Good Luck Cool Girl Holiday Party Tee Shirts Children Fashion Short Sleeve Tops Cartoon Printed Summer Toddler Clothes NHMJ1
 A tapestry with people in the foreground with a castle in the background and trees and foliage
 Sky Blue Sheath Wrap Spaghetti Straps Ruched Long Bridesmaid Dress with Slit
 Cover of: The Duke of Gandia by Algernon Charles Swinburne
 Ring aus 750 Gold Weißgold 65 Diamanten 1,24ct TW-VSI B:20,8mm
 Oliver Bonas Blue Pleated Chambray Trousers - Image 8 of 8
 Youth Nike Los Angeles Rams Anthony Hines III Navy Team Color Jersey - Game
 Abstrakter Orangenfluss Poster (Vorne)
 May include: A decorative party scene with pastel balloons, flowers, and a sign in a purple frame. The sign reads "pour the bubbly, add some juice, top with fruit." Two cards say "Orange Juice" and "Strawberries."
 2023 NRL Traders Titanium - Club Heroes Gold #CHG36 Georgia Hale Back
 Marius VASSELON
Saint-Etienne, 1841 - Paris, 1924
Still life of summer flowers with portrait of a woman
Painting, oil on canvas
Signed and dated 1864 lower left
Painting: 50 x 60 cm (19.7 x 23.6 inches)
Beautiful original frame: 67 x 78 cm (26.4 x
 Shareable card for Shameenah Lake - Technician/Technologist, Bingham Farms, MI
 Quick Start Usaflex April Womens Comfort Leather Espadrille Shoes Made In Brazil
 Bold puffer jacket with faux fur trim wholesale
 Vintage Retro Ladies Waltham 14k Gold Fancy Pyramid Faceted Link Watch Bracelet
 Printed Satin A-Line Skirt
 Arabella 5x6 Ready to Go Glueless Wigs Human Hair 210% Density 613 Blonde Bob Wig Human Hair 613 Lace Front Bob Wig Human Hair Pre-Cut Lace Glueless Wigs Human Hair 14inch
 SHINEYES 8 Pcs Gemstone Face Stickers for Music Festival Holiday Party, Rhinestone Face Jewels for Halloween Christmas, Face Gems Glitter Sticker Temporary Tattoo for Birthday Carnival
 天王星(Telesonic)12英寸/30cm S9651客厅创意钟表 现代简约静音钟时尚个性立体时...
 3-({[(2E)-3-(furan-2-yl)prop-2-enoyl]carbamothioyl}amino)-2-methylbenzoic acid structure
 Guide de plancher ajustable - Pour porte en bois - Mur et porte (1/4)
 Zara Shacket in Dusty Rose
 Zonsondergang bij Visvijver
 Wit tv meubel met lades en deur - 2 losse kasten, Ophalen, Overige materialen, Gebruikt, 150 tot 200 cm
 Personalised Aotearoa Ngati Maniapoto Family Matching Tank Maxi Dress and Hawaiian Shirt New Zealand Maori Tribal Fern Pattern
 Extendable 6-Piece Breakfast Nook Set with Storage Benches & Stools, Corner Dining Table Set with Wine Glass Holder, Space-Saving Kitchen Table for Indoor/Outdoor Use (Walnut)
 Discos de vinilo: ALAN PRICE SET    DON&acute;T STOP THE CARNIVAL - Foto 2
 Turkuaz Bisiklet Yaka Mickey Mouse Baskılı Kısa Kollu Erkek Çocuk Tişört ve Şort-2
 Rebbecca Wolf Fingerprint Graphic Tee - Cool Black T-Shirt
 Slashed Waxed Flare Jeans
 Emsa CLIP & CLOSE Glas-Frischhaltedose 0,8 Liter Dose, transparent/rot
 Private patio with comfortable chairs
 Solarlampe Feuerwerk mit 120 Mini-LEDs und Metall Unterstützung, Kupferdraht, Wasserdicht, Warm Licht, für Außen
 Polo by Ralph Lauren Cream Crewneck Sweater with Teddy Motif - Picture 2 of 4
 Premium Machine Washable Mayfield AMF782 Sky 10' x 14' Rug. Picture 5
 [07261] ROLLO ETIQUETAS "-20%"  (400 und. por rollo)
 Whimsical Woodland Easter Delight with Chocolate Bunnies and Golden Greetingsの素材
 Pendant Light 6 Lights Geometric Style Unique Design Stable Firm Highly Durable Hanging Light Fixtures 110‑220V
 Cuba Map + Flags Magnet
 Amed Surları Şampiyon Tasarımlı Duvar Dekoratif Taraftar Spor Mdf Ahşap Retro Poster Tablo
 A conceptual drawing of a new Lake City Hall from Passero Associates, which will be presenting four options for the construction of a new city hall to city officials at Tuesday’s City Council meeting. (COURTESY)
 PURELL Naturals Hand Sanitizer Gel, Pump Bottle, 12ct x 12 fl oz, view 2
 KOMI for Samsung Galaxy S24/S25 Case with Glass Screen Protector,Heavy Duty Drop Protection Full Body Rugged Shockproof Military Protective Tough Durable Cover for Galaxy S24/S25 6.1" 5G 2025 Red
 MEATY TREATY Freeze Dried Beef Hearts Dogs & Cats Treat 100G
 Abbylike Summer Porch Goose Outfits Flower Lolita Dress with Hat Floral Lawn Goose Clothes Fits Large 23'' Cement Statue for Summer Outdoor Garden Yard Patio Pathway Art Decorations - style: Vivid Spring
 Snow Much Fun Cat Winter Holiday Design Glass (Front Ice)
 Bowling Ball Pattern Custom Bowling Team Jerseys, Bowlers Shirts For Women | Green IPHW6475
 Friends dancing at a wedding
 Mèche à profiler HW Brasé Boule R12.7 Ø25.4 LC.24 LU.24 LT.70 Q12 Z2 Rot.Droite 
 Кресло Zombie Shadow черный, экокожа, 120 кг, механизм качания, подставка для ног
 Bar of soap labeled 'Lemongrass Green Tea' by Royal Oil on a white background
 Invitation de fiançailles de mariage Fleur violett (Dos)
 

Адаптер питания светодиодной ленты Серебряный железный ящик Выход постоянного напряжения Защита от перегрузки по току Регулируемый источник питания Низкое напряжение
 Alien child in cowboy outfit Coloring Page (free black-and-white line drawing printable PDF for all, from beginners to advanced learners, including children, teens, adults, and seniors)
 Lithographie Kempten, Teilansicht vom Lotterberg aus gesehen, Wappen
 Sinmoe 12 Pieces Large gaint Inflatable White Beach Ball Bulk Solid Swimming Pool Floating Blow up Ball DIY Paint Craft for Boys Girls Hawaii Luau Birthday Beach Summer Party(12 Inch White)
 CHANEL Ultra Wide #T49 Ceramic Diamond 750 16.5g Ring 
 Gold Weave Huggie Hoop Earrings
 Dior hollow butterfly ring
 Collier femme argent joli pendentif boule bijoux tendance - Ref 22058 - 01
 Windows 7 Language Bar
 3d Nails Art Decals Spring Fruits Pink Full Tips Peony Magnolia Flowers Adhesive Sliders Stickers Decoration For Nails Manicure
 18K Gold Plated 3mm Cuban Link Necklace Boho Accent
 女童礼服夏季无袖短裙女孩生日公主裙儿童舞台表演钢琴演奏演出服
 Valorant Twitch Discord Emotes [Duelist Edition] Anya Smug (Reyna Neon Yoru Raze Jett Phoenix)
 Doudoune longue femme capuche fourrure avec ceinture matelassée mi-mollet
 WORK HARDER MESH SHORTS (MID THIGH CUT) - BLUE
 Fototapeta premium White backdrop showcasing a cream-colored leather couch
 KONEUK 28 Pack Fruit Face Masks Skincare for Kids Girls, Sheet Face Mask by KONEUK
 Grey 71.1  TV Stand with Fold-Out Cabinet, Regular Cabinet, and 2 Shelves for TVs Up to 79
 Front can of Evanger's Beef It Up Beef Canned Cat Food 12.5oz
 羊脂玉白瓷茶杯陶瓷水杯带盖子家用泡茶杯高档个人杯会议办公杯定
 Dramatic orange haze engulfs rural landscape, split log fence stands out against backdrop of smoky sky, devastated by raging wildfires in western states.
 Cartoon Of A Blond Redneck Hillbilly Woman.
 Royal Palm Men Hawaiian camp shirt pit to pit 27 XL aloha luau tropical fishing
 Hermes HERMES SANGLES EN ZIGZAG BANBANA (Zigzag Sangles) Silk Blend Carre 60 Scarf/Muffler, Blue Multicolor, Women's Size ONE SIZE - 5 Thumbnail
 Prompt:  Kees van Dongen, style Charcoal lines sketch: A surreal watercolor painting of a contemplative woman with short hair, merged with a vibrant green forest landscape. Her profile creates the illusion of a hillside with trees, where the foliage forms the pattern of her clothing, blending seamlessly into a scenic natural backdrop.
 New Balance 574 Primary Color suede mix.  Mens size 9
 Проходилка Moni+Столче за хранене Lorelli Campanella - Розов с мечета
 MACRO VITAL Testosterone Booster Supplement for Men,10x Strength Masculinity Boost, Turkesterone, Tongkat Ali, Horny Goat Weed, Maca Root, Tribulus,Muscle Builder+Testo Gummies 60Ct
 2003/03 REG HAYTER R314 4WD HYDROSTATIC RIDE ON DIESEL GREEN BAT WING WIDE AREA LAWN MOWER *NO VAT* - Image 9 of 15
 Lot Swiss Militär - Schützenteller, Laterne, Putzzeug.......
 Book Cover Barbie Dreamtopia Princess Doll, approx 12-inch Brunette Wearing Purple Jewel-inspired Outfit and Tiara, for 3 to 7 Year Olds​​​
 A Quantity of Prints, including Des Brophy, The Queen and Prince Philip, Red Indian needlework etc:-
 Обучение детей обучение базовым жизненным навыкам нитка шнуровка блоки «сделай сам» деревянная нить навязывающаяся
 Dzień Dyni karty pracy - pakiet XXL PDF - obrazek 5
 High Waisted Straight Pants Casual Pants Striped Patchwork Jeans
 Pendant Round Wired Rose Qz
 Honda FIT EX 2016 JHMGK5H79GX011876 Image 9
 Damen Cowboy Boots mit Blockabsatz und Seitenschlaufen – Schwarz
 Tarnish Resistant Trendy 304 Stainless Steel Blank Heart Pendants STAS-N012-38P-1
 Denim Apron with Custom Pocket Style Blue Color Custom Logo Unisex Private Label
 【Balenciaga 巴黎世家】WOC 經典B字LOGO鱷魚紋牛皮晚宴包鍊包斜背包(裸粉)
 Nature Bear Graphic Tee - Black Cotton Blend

######

### Work required
All lines above from the one with "Personalised Aotearoa Ngati" to the one with "Amed Surları Şampiyon", inclusive, should be copied exactly, and no other lines.

### Exercise output
 Personalised Aotearoa Ngati Maniapoto Family Matching Tank Maxi Dress and Hawaiian Shirt New Zealand Maori Tribal Fern Pattern
 Extendable 6-Piece Breakfast Nook Set with Storage Benches & Stools, Corner Dining Table Set with Wine Glass Holder, Space-Saving Kitchen Table for Indoor/Outdoor Use (Walnut)
 Discos de vinilo: ALAN PRICE SET    DON&acute;T STOP THE CARNIVAL - Foto 2
 Turkuaz Bisiklet Yaka Mickey Mouse Baskılı Kısa Kollu Erkek Çocuk Tişört ve Şort-2
 Rebbecca Wolf Fingerprint Graphic Tee - Cool Black T-Shirt
 Slashed Waxed Flare Jeans
 Emsa CLIP & CLOSE Glas-Frischhaltedose 0,8 Liter Dose, transparent/rot
 Private patio with comfortable chairs
 Solarlampe Feuerwerk mit 120 Mini-LEDs und Metall Unterstützung, Kupferdraht, Wasserdicht, Warm Licht, für Außen
 Polo by Ralph Lauren Cream Crewneck Sweater with Teddy Motif - Picture 2 of 4
 Premium Machine Washable Mayfield AMF782 Sky 10' x 14' Rug. Picture 5
 [07261] ROLLO ETIQUETAS "-20%"  (400 und. por rollo)
 Whimsical Woodland Easter Delight with Chocolate Bunnies and Golden Greetingsの素材
 Pendant Light 6 Lights Geometric Style Unique Design Stable Firm Highly Durable Hanging Light Fixtures 110‑220V
 Cuba Map + Flags Magnet
 Amed Surları Şampiyon Tasarımlı Duvar Dekoratif Taraftar Spor Mdf Ahşap Retro Poster Tablo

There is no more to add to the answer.